Deep learning for sound field reconstruction in rooms.
Paper by Francesc Lluís, Pablo Martínez-Nuevo, Martin Bo Møller, Sven Ewan Shepstone
We provide an implementation of the deep-learning-based method for sound field reconstruction presented in the aforementioned paper. It uses a limited number of arbitrary discrete measurements of the magnitude of the sound field pressure in order to extrapolate this field to a higher-resolution grid of discrete points in space with a low computational complexity. The method is based on a U-net-like neural network with partial convolutions trained solely on simulated data, i.e. the dataset is constructed from numerical simulations of the Green's function across thousands of common rectangular rooms. Although extensible to three dimensions, the method focuses on reconstructing a two-dimensional plane of the room from measurements of the three-dimensional sound field.
Note that the provided pre-trained model predicts the 2D sound field with 1/12th octave frequency resolution in the range [30, 296] Hz
- Suitable for rectangular rooms
- Low number of microphones required
- Accommodate irregular microphone distributions
- Efficient Inference
- Install miniconda
git clone https://github.com/francesclluis/sound-field-neural-network.git
cd sound-field-neural-network/
conda env create -f environment.yml
conda activate sfun
./download_sample_dataset.sh
(~211MB) or./download_full_dataset.sh
(~62GB)
Links to download the dataset are no longer valid. Please download the sample dataset at the google drive link here. Then extract the datasets.zip
file in this the repository.
Check this issue if you get errors when running conda env create -f environment.yml
.
The project has been tested with Keras 2.2.4, CUDA 8.0, CUDNN 7.1.3 on Ubuntu 18.04 LTS. We reuse code from MathiasGruber/PConv-Keras.

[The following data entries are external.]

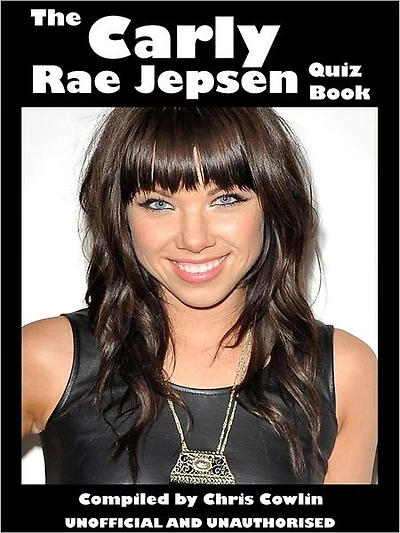 The Carly Rae Jepsen Quiz Book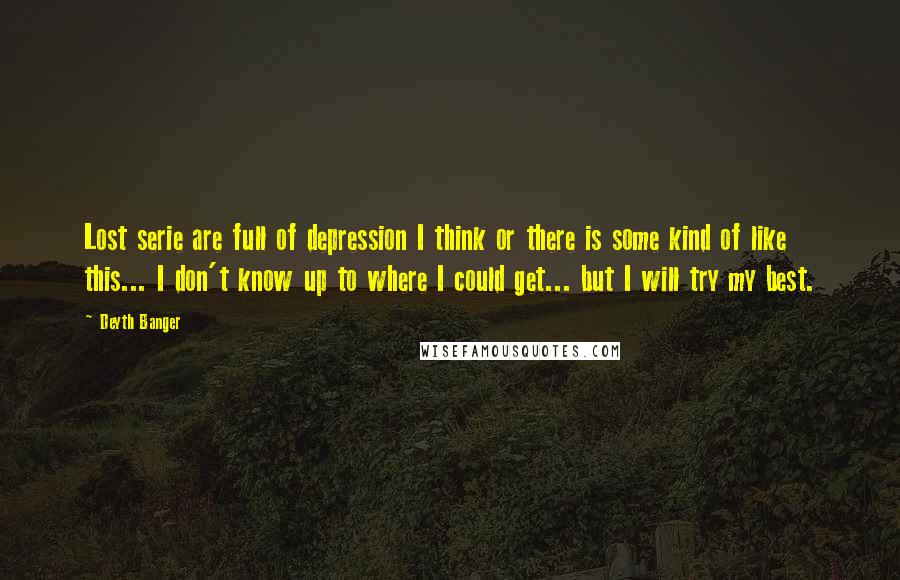 Deyth Banger Quotes: Lost serie are full of depression I think or there is some kind of like this... I don't know up to where I could get... but I will try my best.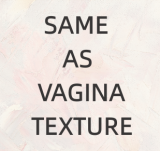 Same as vagina texture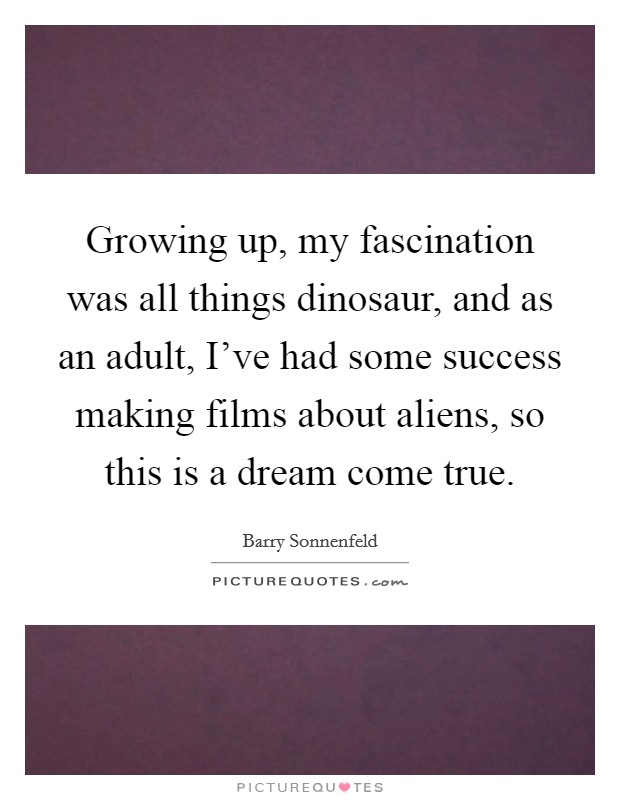 Growing up, my fascination was all things dinosaur, and as an adult, I've had some success making films about aliens, so this is a dream come true. Picture Quote #1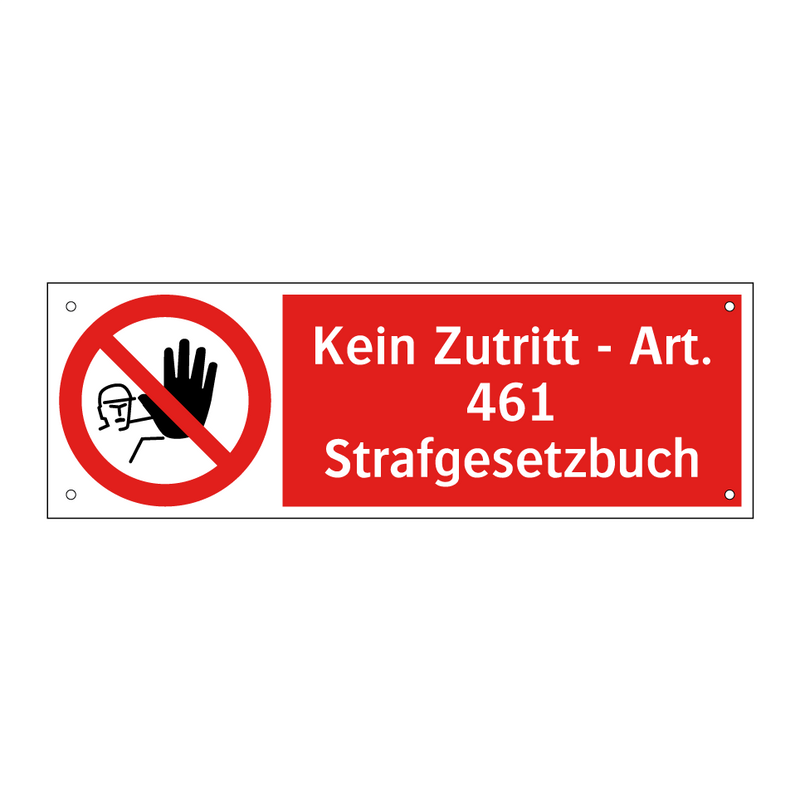 Kein Zutritt - Art. 461 Strafgesetzbuch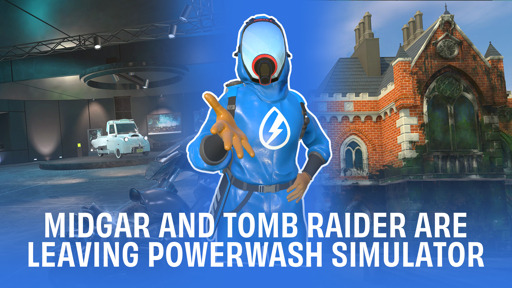 『PowerWash Simulator』スクエニ関連作コラボDLCは5月19日23時配信停止。魔晄炉をピカピカにする権利を得られる最後のチャンス！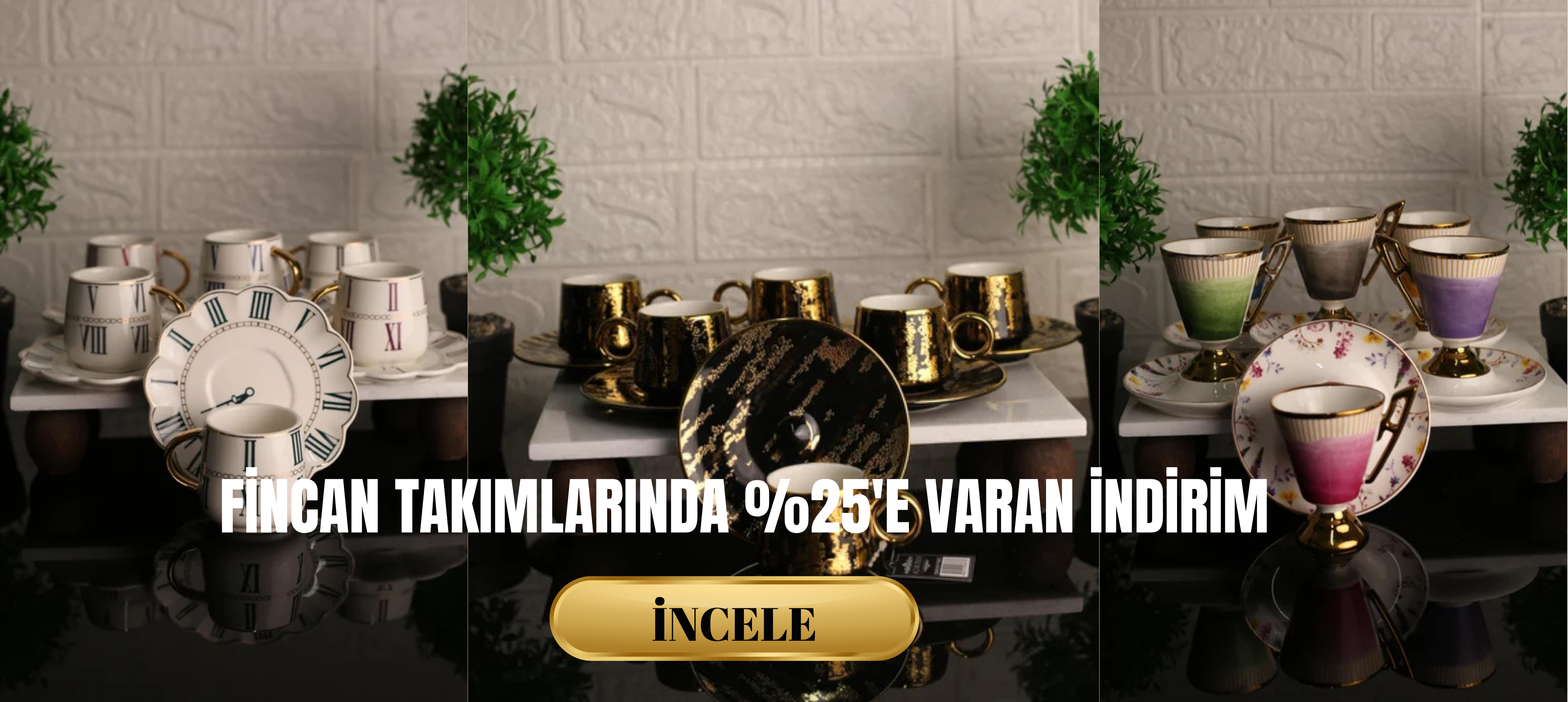 FİNCAN TAKIMLARI
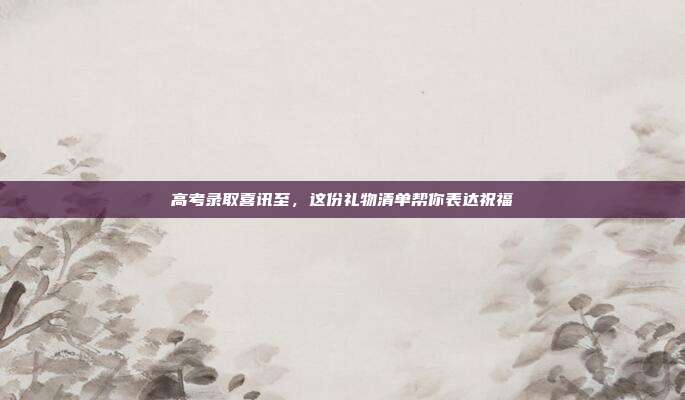 高考录取喜讯至，这份礼物清单帮你表达祝福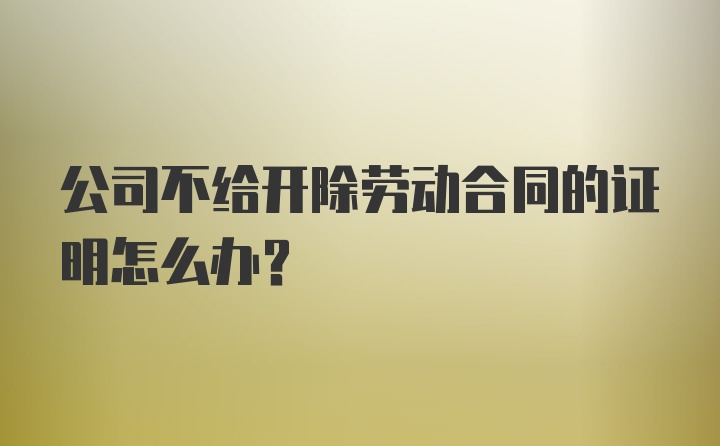 公司不给开除劳动合同的证明怎么办？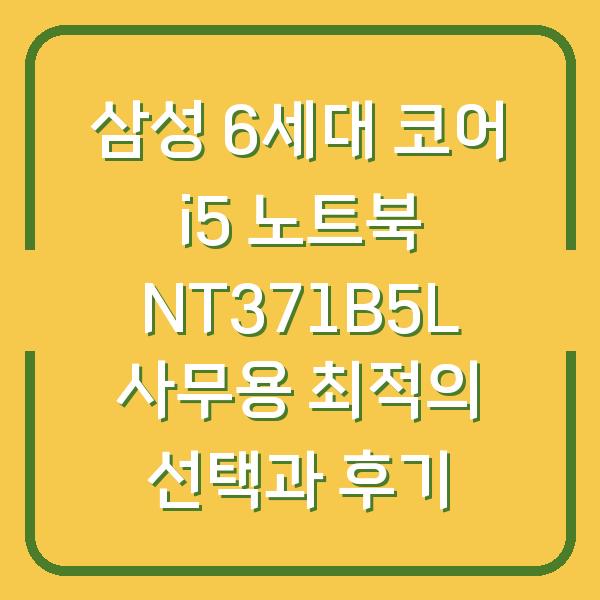 삼성 6세대 코어 i5 노트북 NT371B5L 사무용 최적의 선택과 후기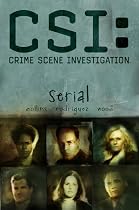 CSI: Crime Scene Investigation: Serial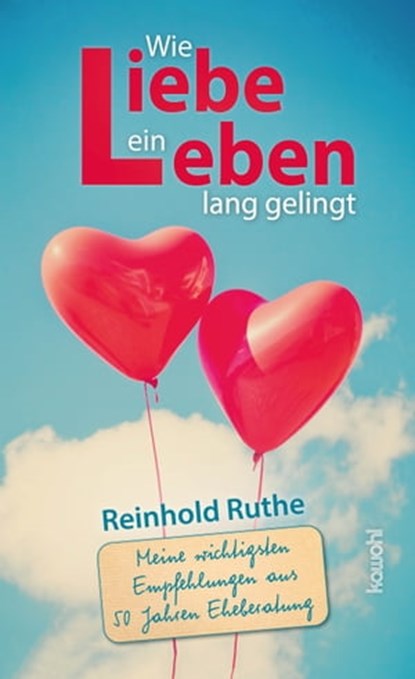 Wie Liebe ein Leben lang gelingt, Reinhold Ruthe - Ebook - 9783863389949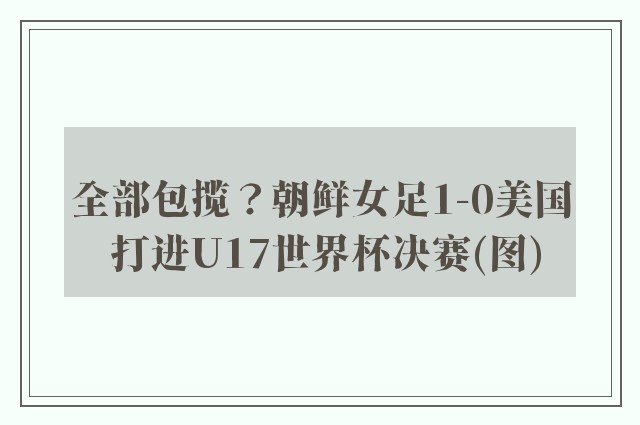 全部包揽？朝鲜女足1-0美国 打进U17世界杯决赛(图)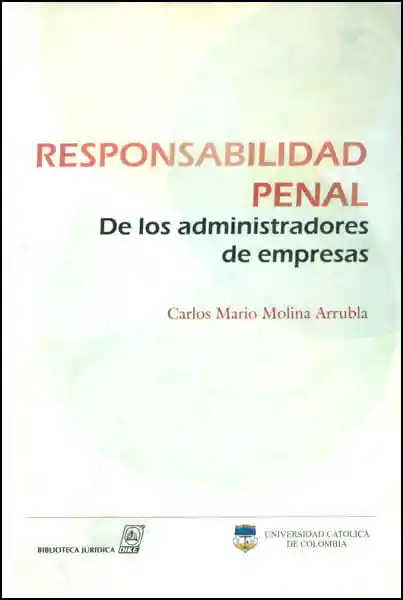 Responsabilidad Penal de Los Administradores de Empresas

There are four operating modes: training, simulated data evaluation, real data evaluation, and visualization. A JSON-formatted configuration file defines the parameters of an existing or a new session. The structure of this configuration file is described here.
Training sessions are differentiated from one another by a session ID defined in config.json
. All artifacts generated during training are placed in a folder corresponding to this session ID in the sessions/
folder.
To start training: python main.py --mode train --config <path_to_config_file>
. Training will begin after the dataset is prepared for training.
Alternatively, there is a pre-trained model available in the sessions/
folder for quickly trying out with test data.
To begin the simulated data evaluation: python main.py --mode sim-eval --config <path_to_config_file>
. Note: --config should contain the path to a configuration file in a session folder.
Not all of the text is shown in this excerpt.